Custom tests (singular tests):

-- tests/assert_positive_revenue.sql
SELECT order_id, revenue
FROM {{ ref('fct_orders') }}
WHERE revenue < 0
-- Test passes if this returns 0 rows

Custom test with macros:

-- macros/test_is_positive.sql

{% test is_positive(model, column_name) %}

SELECT *
FROM {{ model }}
WHERE {{ column_name }} < 0

{% endtest %}

Then use it like a built-in test:

columns:
  - name: amount
    tests:
      - is_positive

Test severity:

- name: customer_id
  tests:
    - unique:
        severity: error    # Fails the run
    - not_null:
        severity: warn     # Warning only

What is documentation in dbt?

dbt generates documentation websites from your YAML files and model descriptions.

# models/schema.yml
version: 2

models:
  - name: fct_orders
    description: >
      Order fact table. One row per order.
      Grain: order_id
    columns:
      - name: order_id
        description: Primary key
      - name: customer_id
        description: Foreign key to dim_customers
      - name: order_total
        description: Total order value in USD

Doc blocks for longer descriptions:

-- models/docs.md
{% docs order_status %}
Order status can be one of:
- **pending**: Order placed but not paid
- **paid**: Payment received
- **shipped**: Order dispatched
- **delivered**: Order received by customer
{% enddocs %}
- name: status
  description: '{{ doc("order_status") }}'

Generate and serve docs:

dbt docs generate
dbt docs serve

Intermediate (Good to Know)

What are incremental models?

Incremental models only transform new or changed data instead of rebuilding the entire table. Essential for large tables.

{{ config(
    materialized='incremental',
    unique_key='event_id'
) }}

SELECT
    event_id,
    user_id,
    event_type,
    event_timestamp
FROM {{ source('events', 'raw_events') }}

{% if is_incremental() %}
    WHERE event_timestamp > (SELECT MAX(event_timestamp) FROM {{ this }})
{% endif %}

Key concepts:

  • is_incremental(): True when running incrementally (not full refresh)
  • {{ this }}: Refers to the current model’s existing table
  • unique_key: Handles updates (upserts) to existing rows

When to use:

  • Event/log data (millions of rows)
  • Tables that take too long to rebuild fully
  • Data with clear timestamp or ID for filtering

Force full refresh:

dbt run --full-refresh -s my_incremental_model

What are snapshots?

Snapshots implement Slowly Changing Dimension Type 2 (SCD2)—they track historical changes to records over time.

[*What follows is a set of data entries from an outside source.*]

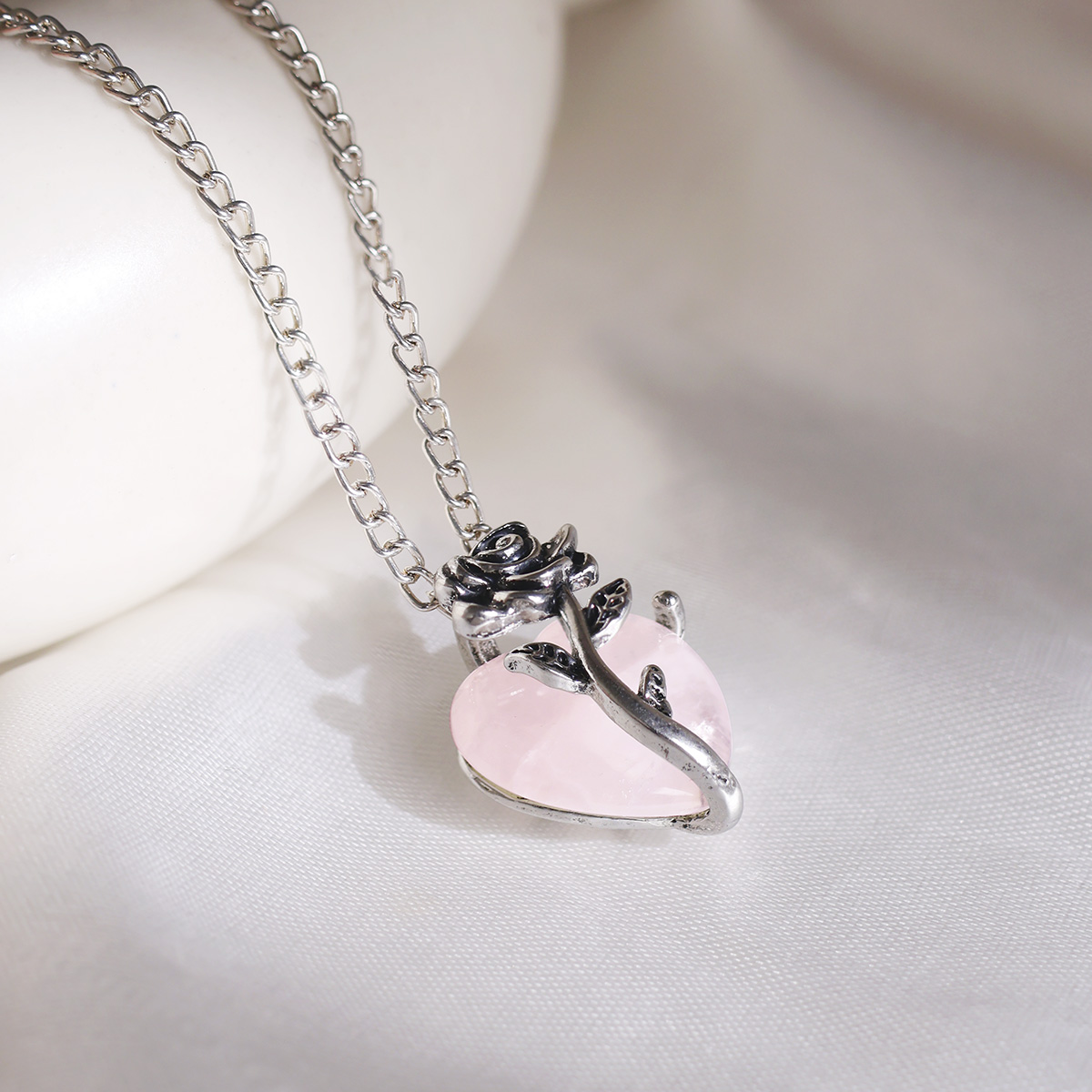 Rose Quartz With Rose Heart Pendant-Shubhanjali Store (2) auto draft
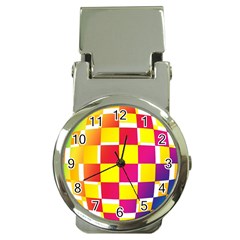 Squares Colored Background Money Clip Watches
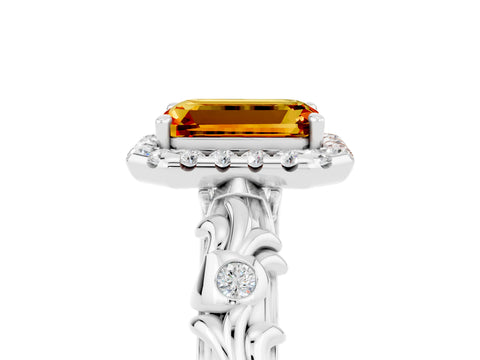 White gold Emerald Cut Halo Diamond Solitaire with Filigree Band and Four-Prong Setting_5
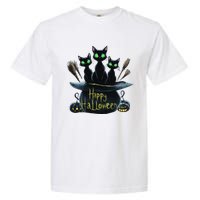 Spooky Trio Black Cats In A Cauldron Halloween Garment-Dyed Heavyweight T-Shirt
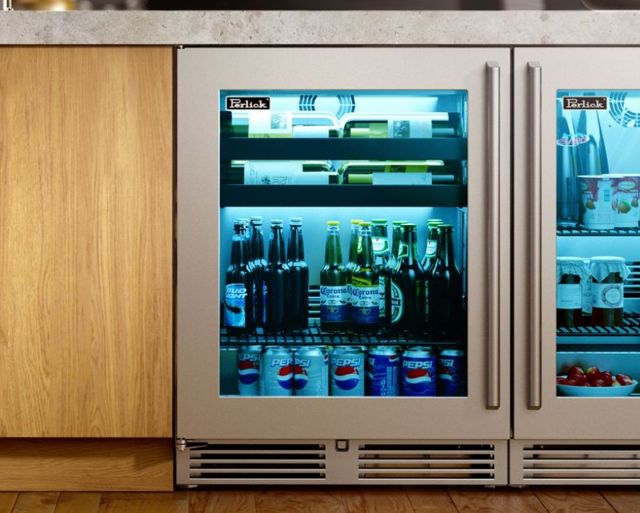 Perlick® Marine & Coastal Series 24" 3.1 Cu. Ft. Stainless Steel Solid Door Built-In Beverage Center-1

-- snapshots/customer_snapshot.sql
{% snapshot customers_snapshot %}

{{
    config(
        target_schema='snapshots',
        unique_key='customer_id',
        strategy='timestamp',
        updated_at='updated_at'
    )
}}

SELECT * FROM {{ source('app', 'customers') }}

{% endsnapshot %}

Result: A table with dbt_valid_from, dbt_valid_to, and dbt_scd_id columns tracking each version of a record.

Strategies:

  • timestamp: Uses a timestamp column to detect changes
  • check: Compares specific columns for changes
dbt snapshot

What are macros?

Macros are reusable pieces of SQL/Jinja code. Like functions for your SQL.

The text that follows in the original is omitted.